Analysis of 92 billion rejected emails uncovers threat actors’ motivations

Mimecast released the Threat Intelligence Report: Black Hat U.S.A. Edition 2020, which presents insights gleaned from the analysis of 195 billion emails processed by Mimecast for its customers from January through June 2020. Of those, 92 billion (47%) were flagged as malicious or spam and rejected.

malicious emails analysis

Blocked impersonation attacks

Main trends

Two main trends ran throughout the analysis: the desire for attacker’s monetary gain and a continued reliance on COVID-19-related campaigns, especially within certain vertical industries.

One of the most significant observations was that threat actors are launching opportunistic and malware-based campaigns across multiple verticals at volumes at an alarming rate.
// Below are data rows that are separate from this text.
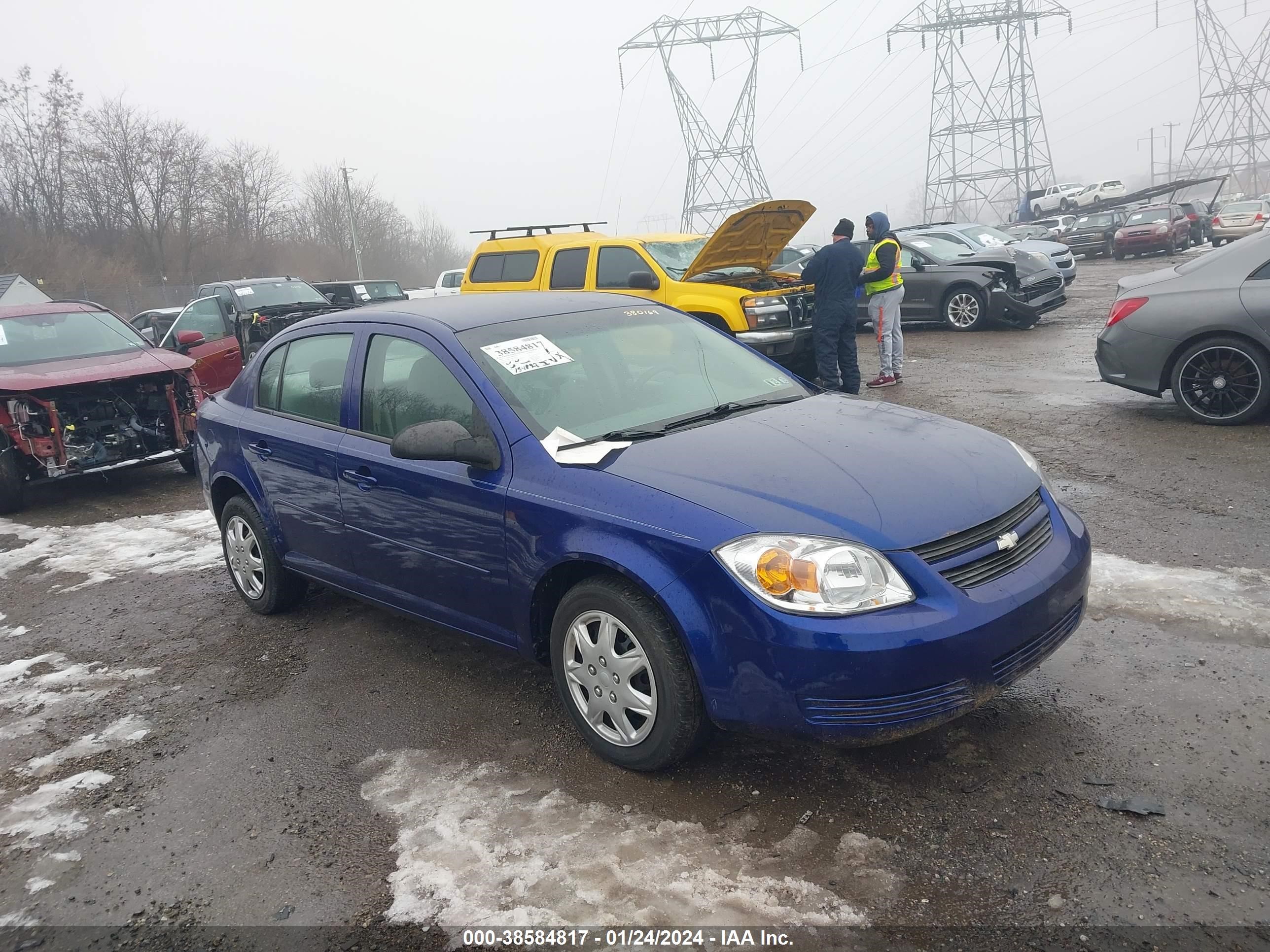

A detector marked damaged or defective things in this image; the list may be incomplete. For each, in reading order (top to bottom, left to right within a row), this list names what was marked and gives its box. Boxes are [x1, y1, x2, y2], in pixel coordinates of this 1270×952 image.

shattered windshield [640, 238, 757, 279]
shattered windshield [235, 281, 327, 307]
red damaged car [0, 303, 206, 515]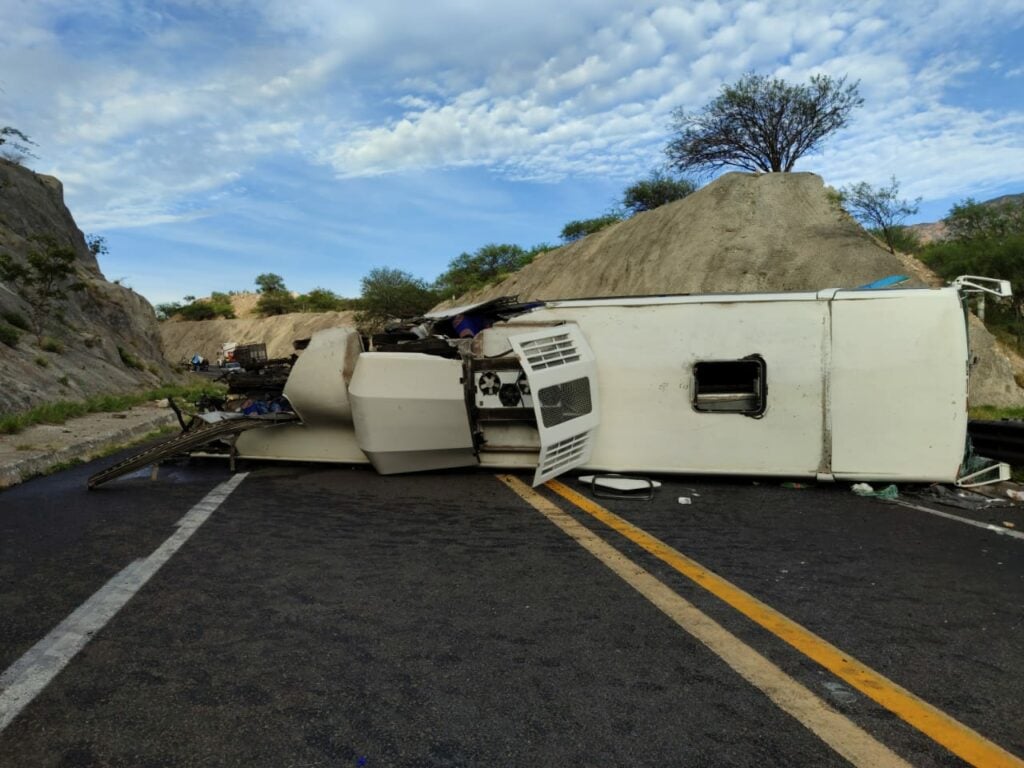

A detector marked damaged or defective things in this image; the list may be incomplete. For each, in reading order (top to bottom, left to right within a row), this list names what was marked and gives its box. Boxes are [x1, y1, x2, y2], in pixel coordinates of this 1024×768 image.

overturned cargo truck [210, 280, 1008, 488]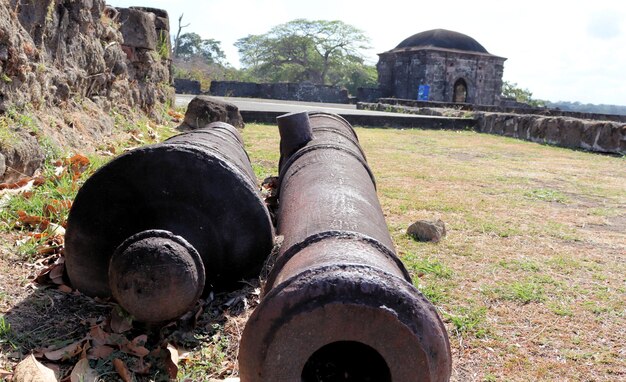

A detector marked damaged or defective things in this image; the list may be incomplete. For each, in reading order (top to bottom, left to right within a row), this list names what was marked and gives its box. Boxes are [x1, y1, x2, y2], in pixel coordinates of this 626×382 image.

rusty iron cannon [64, 121, 274, 322]
second rusty cannon [64, 121, 274, 322]
rust texture on metal [64, 121, 276, 322]
rust texture on metal [238, 112, 448, 380]
rusty iron cannon [238, 112, 448, 382]
second rusty cannon [238, 112, 448, 382]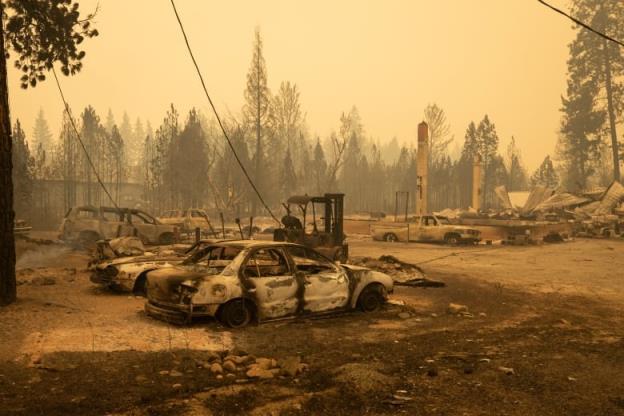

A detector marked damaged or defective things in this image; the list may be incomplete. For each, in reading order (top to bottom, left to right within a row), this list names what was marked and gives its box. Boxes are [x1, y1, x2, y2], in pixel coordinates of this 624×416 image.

rusted car body [59, 206, 177, 245]
burned car [59, 206, 177, 245]
rusted car body [158, 208, 214, 234]
rusted car body [372, 214, 480, 244]
burned car [91, 239, 219, 294]
rusted car body [91, 239, 219, 294]
burned-out sedan [144, 240, 392, 328]
burned car [144, 240, 392, 328]
rusted car body [144, 240, 392, 328]
burned vehicle frame [144, 242, 392, 326]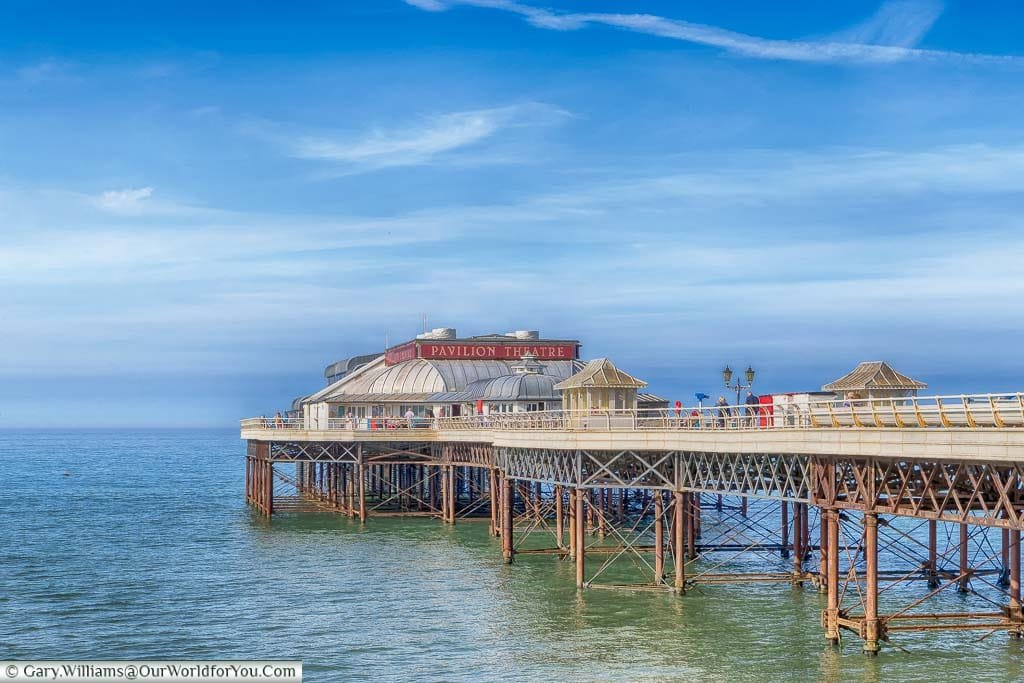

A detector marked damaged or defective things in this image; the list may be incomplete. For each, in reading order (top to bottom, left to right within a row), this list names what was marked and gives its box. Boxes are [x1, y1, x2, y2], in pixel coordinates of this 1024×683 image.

rusty iron column [671, 491, 688, 593]
rusty iron column [823, 509, 839, 643]
rusty iron column [864, 511, 880, 655]
rusty iron column [954, 524, 970, 593]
The report also forecasts what types of attacks will likely spike in the next six months.

Attacks and malware-centric campaigns

The majority of attacks seen by Mimecast during this period were simple, high volume forms of attacks, such as spam and phishing that is likely a reflection of the ease of access to tools and kits available online. As the attacks progressed, exploits evolved to more potent forms of malware and ransomware with the attacker’s goal appearing to be monetary gain.

In addition, malware-centric campaigns have been a fixture of 2020 and have become increasingly sophisticated. 42 significant campaigns were identified during the six-month period that the report covers. The campaigns showed a significant uptick in the use of short-lived, high volume, targeted and hybridized attacks against many sectors of the U.S. economy.

Researchers believe it is highly likely a consequence of threat actors targeting industries that remained opened during the ‘stay at home’ period in the U.S., as well as those essential to the nation’s recovery from the current pandemic. Interestingly, the media and publishing sectors suffered high volumes of impersonation attacks, potentially as a vehicle for cybercriminals to spread disinformation across the U.S.

“If one thing is for certain, the pandemic we’re living in today has caused significant challenges. We’ve continued to see threat actors tap into the vulnerabilities of humans and launch campaign after campaign with a COVID-19 hook, in attempt to get users to click harmful links or open malicious files,” said Josh Douglas, VP of product management, threat intelligence at Mimecast.

malicious emails analysis

Mimecast signature detections

Understanding the modern threat landscape

Threat actors go where the money flows. The attacks from January-June 2020 incorporated a vast array of threats, including Azorult, Barys, Cryxos, Emotet, Hawkeye, Lokibot, Nanocore, Nemucod, Netwired, Remcos, Strictor, and ZLoader, and involved a combination of mass generic Trojan delivery with phishing campaigns with the goal of monetary gain.

Industries that remained opened during the pandemic where the hardest hit. The top sectors for attacks in the U.S. were: manufacturing, retail/wholesale, finance and insurance. In addition, the media and publishing sector suffered high volumes of impersonation attacks (48.4 million detections), potentially was a vehicle to spread disinformation across the U.S.

Organizations are at a higher risk of being attacked by ransomware. Researchers found that it is highly likely that U.S. businesses are at risk of ransomware attacks, due to threat actors’ efforts towards the high volume, opportunistic attack of multiple verticals. The circumstances of the pandemic make organizations more vulnerable to ransomware, so it will likely remain a significant threat for the second half of 2020.

Impersonation attacks continue to accelerate. The volume of sender impersonation attacks increased by 24% between January and June to nearly 46 million per month.